Dieser Beitrag ist Teil unserer Blogserie „Medizinische Notfälle in der Praxis“ und widmet sich dem Einfluss von Stress auf Handeln, Kommunikation und Entscheidungen im medizinischen Notfall.
Der Notfall als psychische Ausnahmesituation
Ein medizinischer Notfall ist nicht nur eine fachliche Herausforderung.
Er ist vor allem eine psychische Ausnahmesituation für das gesamte Praxisteam.
Stress entsteht dabei nicht erst durch schwere Krankheitsbilder oder dramatische Symptome.
Oft beginnt er viel früher:
- mit Zeitdruck
- mit Unsicherheit
- mit der Verantwortung für einen Menschen
In unseren Trainings zeigt sich immer wieder:
Selbst gut vorbereitete, erfahrene Teams geraten im medizinischen Notfall unter Stress an ihre Grenzen.

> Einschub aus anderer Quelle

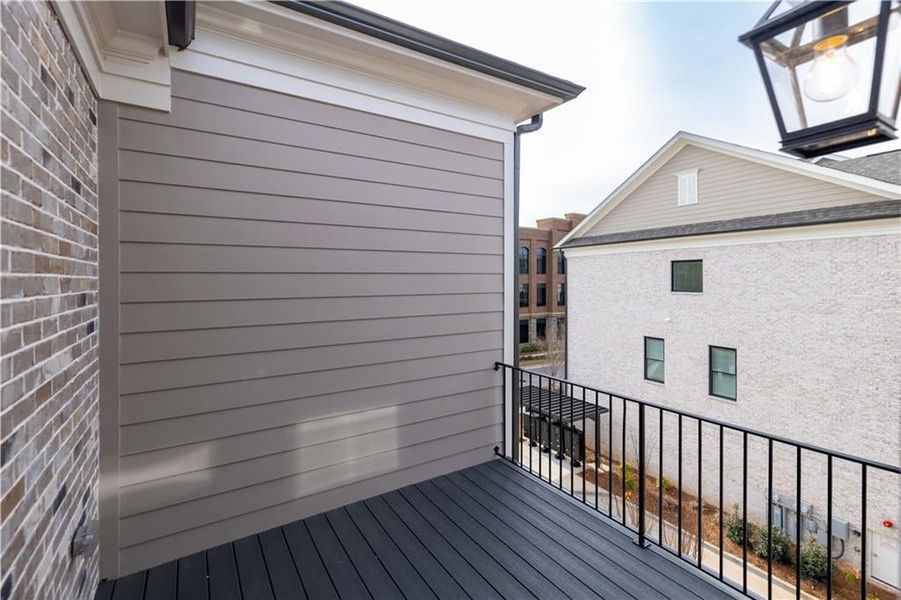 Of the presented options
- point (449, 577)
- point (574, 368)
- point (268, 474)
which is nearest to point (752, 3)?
point (449, 577)

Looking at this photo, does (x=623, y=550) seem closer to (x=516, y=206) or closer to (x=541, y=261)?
(x=516, y=206)

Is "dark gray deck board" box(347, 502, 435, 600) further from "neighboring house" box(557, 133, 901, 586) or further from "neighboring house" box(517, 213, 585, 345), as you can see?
"neighboring house" box(517, 213, 585, 345)

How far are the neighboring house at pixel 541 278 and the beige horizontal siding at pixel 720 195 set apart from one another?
26.0 feet

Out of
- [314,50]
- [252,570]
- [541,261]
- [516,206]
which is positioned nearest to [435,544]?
[252,570]

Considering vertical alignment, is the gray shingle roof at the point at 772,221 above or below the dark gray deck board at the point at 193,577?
above

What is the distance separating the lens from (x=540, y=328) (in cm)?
1909

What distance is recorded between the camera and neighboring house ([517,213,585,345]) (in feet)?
60.2

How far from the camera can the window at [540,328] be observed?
18.7 metres

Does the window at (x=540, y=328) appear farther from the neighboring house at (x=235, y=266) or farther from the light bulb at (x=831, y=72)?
the light bulb at (x=831, y=72)

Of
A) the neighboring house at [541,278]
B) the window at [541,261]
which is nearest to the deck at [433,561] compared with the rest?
the neighboring house at [541,278]

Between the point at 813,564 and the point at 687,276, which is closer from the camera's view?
the point at 813,564

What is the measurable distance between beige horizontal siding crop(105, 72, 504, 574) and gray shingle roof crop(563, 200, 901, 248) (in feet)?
21.2

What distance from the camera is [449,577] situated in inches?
75.6

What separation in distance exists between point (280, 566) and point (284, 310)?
4.03 feet
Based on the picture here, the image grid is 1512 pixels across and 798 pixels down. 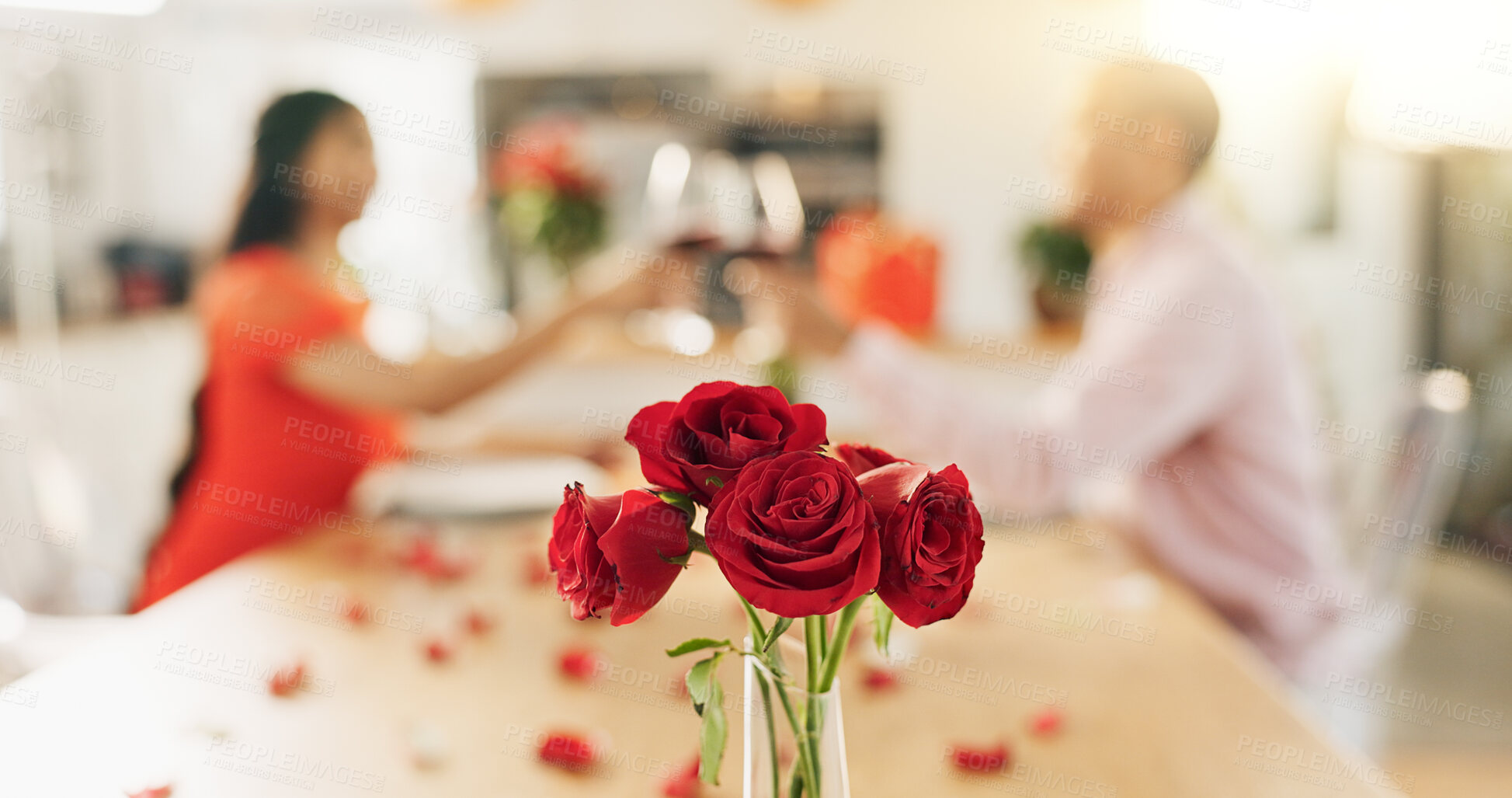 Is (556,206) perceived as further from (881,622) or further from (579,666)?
(881,622)

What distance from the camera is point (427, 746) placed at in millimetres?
873

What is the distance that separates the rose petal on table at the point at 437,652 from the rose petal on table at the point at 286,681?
12 centimetres

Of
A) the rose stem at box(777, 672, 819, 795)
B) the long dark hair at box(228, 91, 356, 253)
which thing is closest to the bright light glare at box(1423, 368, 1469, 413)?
the rose stem at box(777, 672, 819, 795)

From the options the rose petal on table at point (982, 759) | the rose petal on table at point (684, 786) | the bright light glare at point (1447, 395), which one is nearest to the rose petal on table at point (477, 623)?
the rose petal on table at point (684, 786)

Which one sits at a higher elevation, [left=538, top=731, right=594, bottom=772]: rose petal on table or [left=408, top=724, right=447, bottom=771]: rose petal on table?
[left=538, top=731, right=594, bottom=772]: rose petal on table

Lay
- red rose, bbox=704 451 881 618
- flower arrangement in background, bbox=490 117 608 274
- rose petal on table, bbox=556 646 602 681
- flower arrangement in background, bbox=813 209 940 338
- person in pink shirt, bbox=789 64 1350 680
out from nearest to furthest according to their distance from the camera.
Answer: red rose, bbox=704 451 881 618 < rose petal on table, bbox=556 646 602 681 < person in pink shirt, bbox=789 64 1350 680 < flower arrangement in background, bbox=813 209 940 338 < flower arrangement in background, bbox=490 117 608 274

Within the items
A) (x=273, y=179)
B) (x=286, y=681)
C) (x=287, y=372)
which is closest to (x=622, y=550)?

Was Stress im medizinischen Notfall auslöst
Stress entsteht immer dann, wenn Anforderungen und wahrgenommene Handlungsmöglichkeiten nicht mehr im Gleichgewicht sind.
Im medizinischen Notfall treffen mehrere Stressfaktoren gleichzeitig aufeinander:
- Zeitdruck und Unvorhersehbarkeit der Situation
- Angst, einen Fehler zu machen
- hohe Verantwortung für den Patienten
- ungewohnte oder seltene Abläufe
- hohe Erwartungen an das eigene professionelle Handeln
Diese Faktoren wirken unabhängig von Qualifikation, Erfahrung oder Berufsgruppe.
Stress ist keine Frage von Kompetenz – er ist eine menschliche Reaktion.
Wie Stress Wahrnehmung und Handeln verändert
Unter Stress verändert sich die Arbeitsweise des Gehirns.
Das hat direkte Auswirkungen auf Wahrnehmung, Denken und Handeln.
In Simulationstrainings und realen Notfallsituationen beobachten wir häufig:
- eingeschränkte Wahrnehmung relevanter Informationen
- Tunnelblick auf einzelne Aspekte der Situation
- vorschnelle oder verzögerte Entscheidungen
- Probleme in der Kommunikation
- motorische Unsicherheiten bei eigentlich vertrauten Handgriffen
Diese Reaktionen sind normal und menschlich.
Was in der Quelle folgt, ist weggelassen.